Hamilton's E-Wave Analysis

RY, The Royal Bank.

During and before the “great recession” we were able to predict fairly accurately what the Royal would do. Also after the lows, which we caught within a dollar or two , our projections were pretty accurate (see the dozens of old entries). Then when the stock went above $52 or so we were simple amazed that the bulls would be so forgetful so fast, apparently mood-swings can be , and often are, mind-numbingly stupid. Anyway here we are and now is a good time to address the future of this stock once again. Here is the chart;

By clicking on it you can enlarge it.

The count shown may not be correct in every detail, but I do believe the “message” or conclusion that should be draw from it, is. First a little history and facts. This bank is by far the biggest of the Canadian banks and as such it is the “price-setter” or role model within the oligopoly. A situation that is upheld by the Canadian government in millions of different ways and that allows the Royal (and the others) to extract a monopoly rent from the public in general far beyond what would be received if their income was based on their business acumen. (this lay-of-the-land can be found in many countries so it is not unique, but Canada is probable one of the best at it). In the vernacular of the street, this is commonly referred to as “nickel and diming”, except that the amounts are much larger. Much of this is achieved by obfuscation, i.e. deliberately being unclear so the client is caught off guard.

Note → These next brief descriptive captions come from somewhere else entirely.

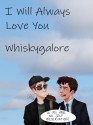 I Will Always Love You - whiskygalore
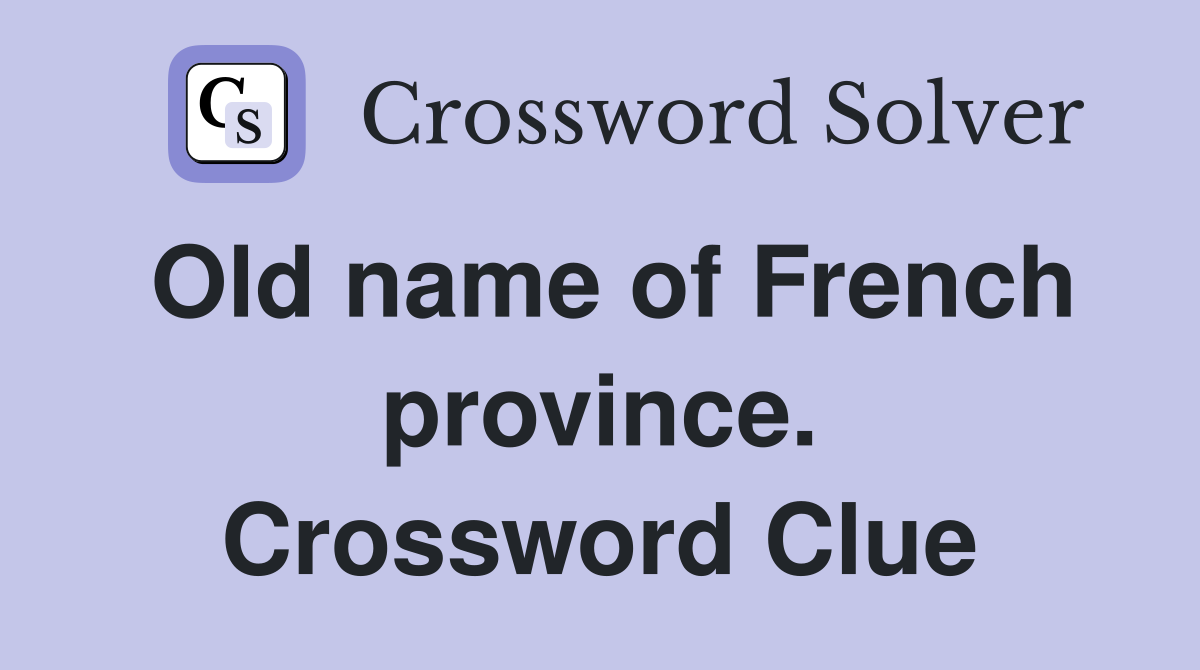 Old name of French province. Crossword Clue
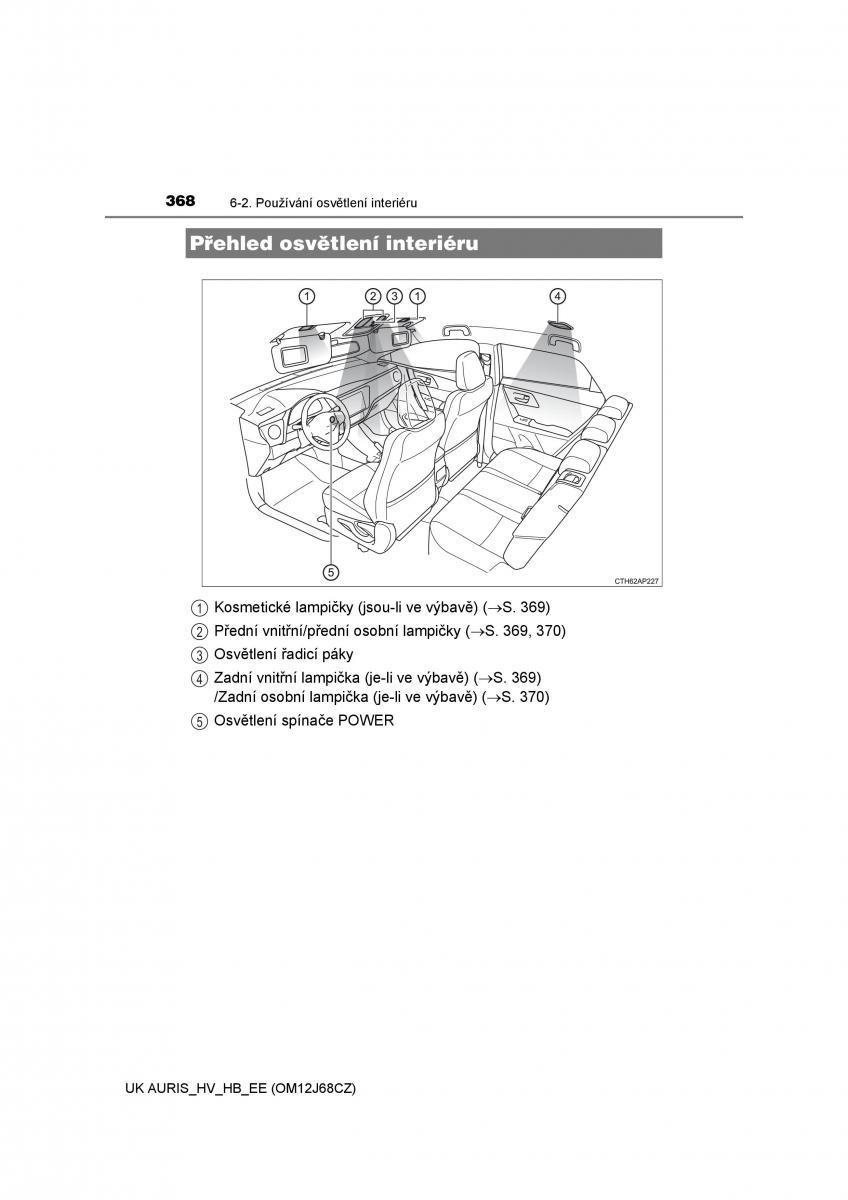 Toyota Auris Hybrid II 2 navod k obsludze / page 368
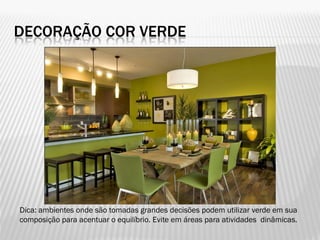 DECORAÇÃO COR VERDE
Dica: ambientes onde são tomadas grandes decisões podem utilizar verde em sua
composição para acentuar o equilíbrio. Evite em áreas para atividades dinâmicas.
 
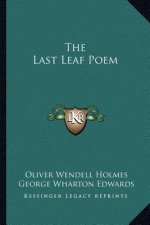 The Last Leaf Poem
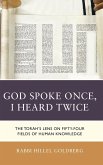 God Spoke Once, I Heard Twice God Spoke Once, I Heard Twice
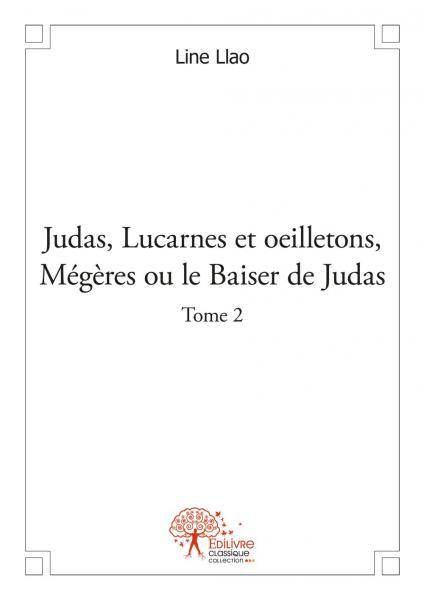 Judas, lucarnes et oeilletons, mégères ou le baiser de judas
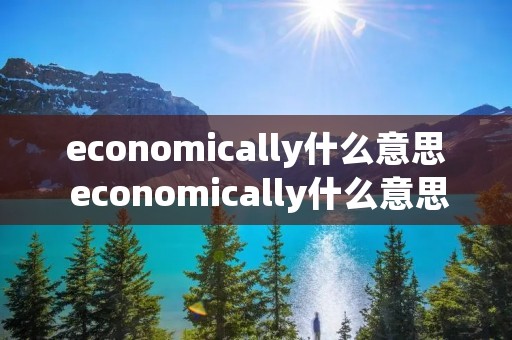 economically什么意思 economically什么意思中文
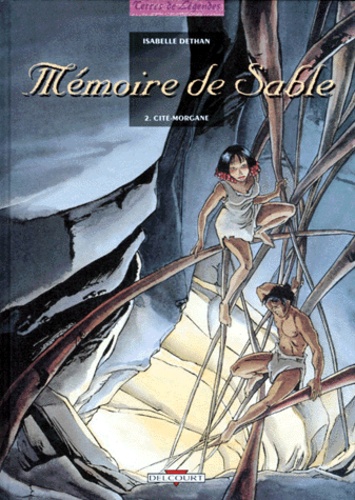 Isabelle Dethan - Mémoire de sable Tome 2 : Cité Morgane.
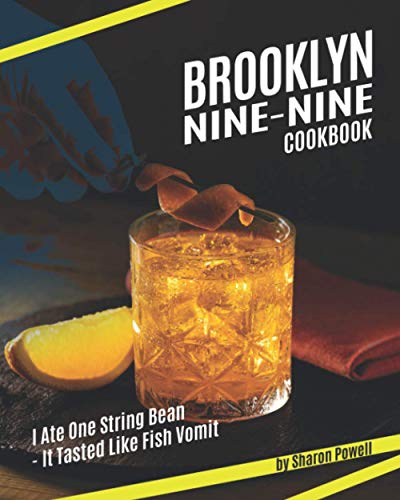 Brooklyn Nine-Nine Cookbook: I Ate One String Bean - It Tasted Like Fish Vomit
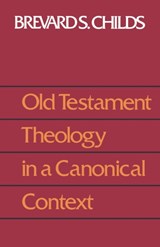 Old Testament Theology in a Canonical Context - Brevard S. Childs - 9780800627720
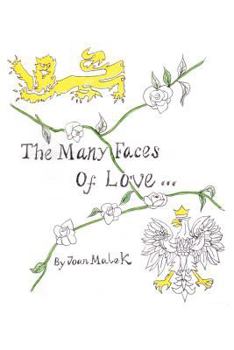 Paperback The Many Faces of Love Book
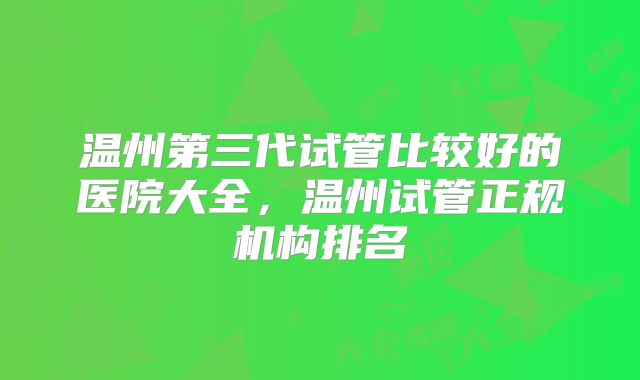 温州第三代试管比较好的医院大全,温州试管正规机构排名
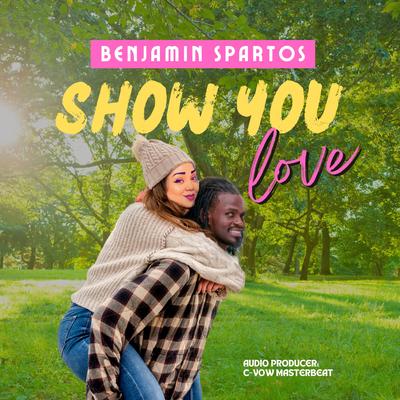 Show You Love By Benjamin Spartos's cover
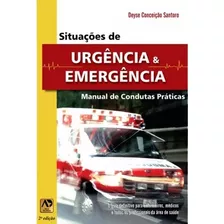 Situações De Urgência E Emergência. Manual Prático - 2ª Edição.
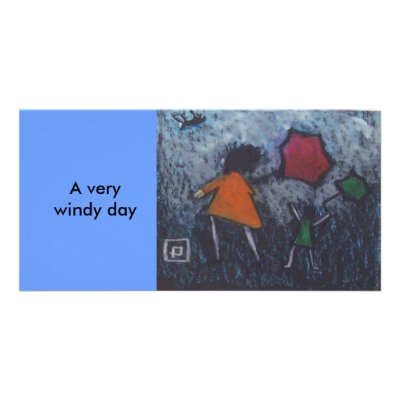 A VERY WINDY DAY PHOTO GREETING CARD by sword42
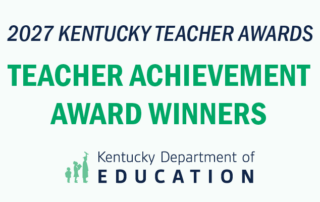 Graphic reading: 2027 Kentucky Teacher Awards. Teacher Achievement Award Winners. Kentucky Department of Education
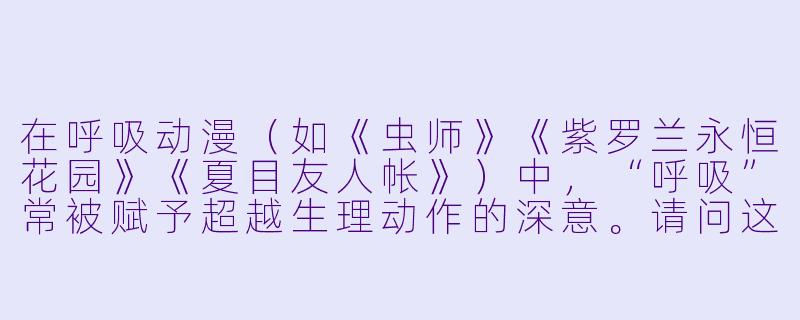在呼吸动漫（如《虫师》《紫罗兰永恒花园》《夏目友人帐》）中，“呼吸”常被赋予超越生理动作的深意。请问这类作品如何通过“呼吸”这一意象，传达关于存在、记忆或人与世界关系的哲学思考？-呼吸动漫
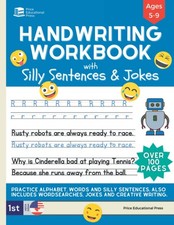 Handwriting Practice Book for Kids Ages 5-9: Penmanship workbook with Silly ...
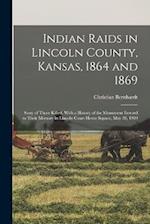 Indian Raids in Lincoln County, Kansas, 1864 and 1869; Story of Those Killed, With a History of the Monument Erected to Their Memory in Lincoln Court 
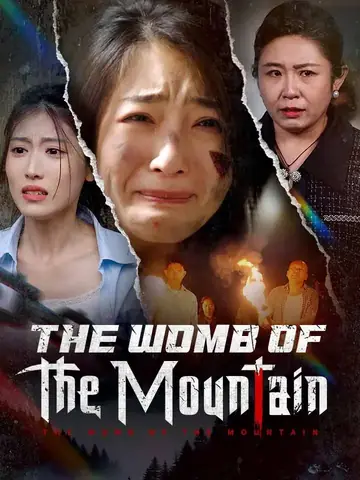 The Womb Of The Mountain - Counterattack Short Drama | Melolo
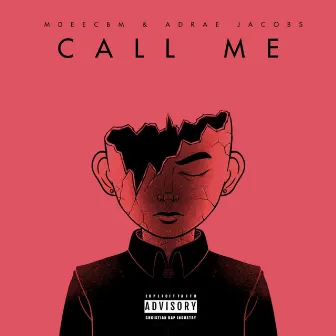 Call me by Adrae Jacobs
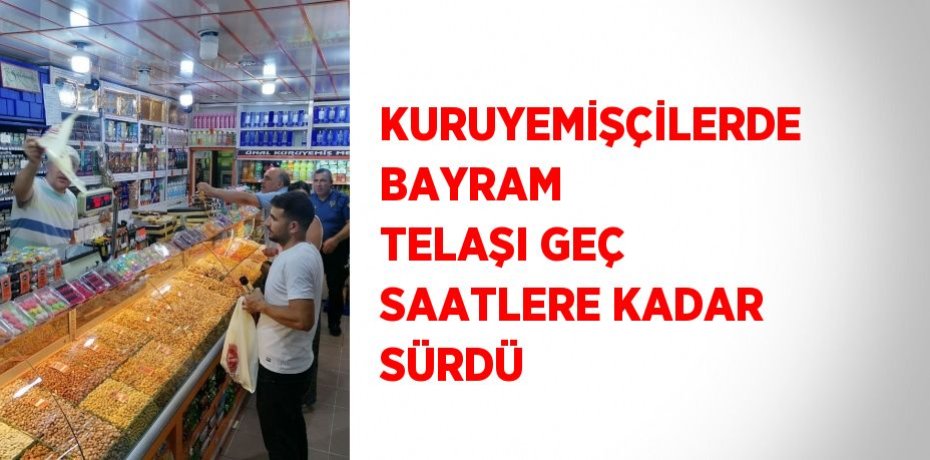KURUYEMİŞÇİLERDE BAYRAM TELAŞI GEÇ SAATLERE KADAR SÜRDÜ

Back in 1987 the Royal took over DS, the top investment firm. DS had no intention of being taken over, it had gone public just a year or so earlier, but it got hit hard (together with Wood Gundy and others) by the British Petroleum deal. The combination of the “bought-deal” , that had just been pioneered in Canada (by Daly Gordon ), and taking too much hay on their fork in front of the 1987 market collapse, all of a sudden made it clear that DS had insufficient capital to play the game alone. For appearances the myth that DS was taken over by the Royal was fastidiously cultivated but it soon became clear that internally DS took over the sleepy giant, with lots of capital. At the same time Canada’s  5 pillars (our version of Glass-Steagall) were dismantled and banks were free to do most everything (including mortgages that were previously in the domain of trust companies). Then we got Greenspan  with zero interest rates (starting with Long Term Capital and Y2K) and the totally unfounded belief in markets’ ability to self correct(Ayn Rand’s objectivism), combined with Keynes’ misguided economics. All of which explains the Royal’s success and why the stock increases 10-fold (interest rates alone account for about 3 to 4 of the 10X).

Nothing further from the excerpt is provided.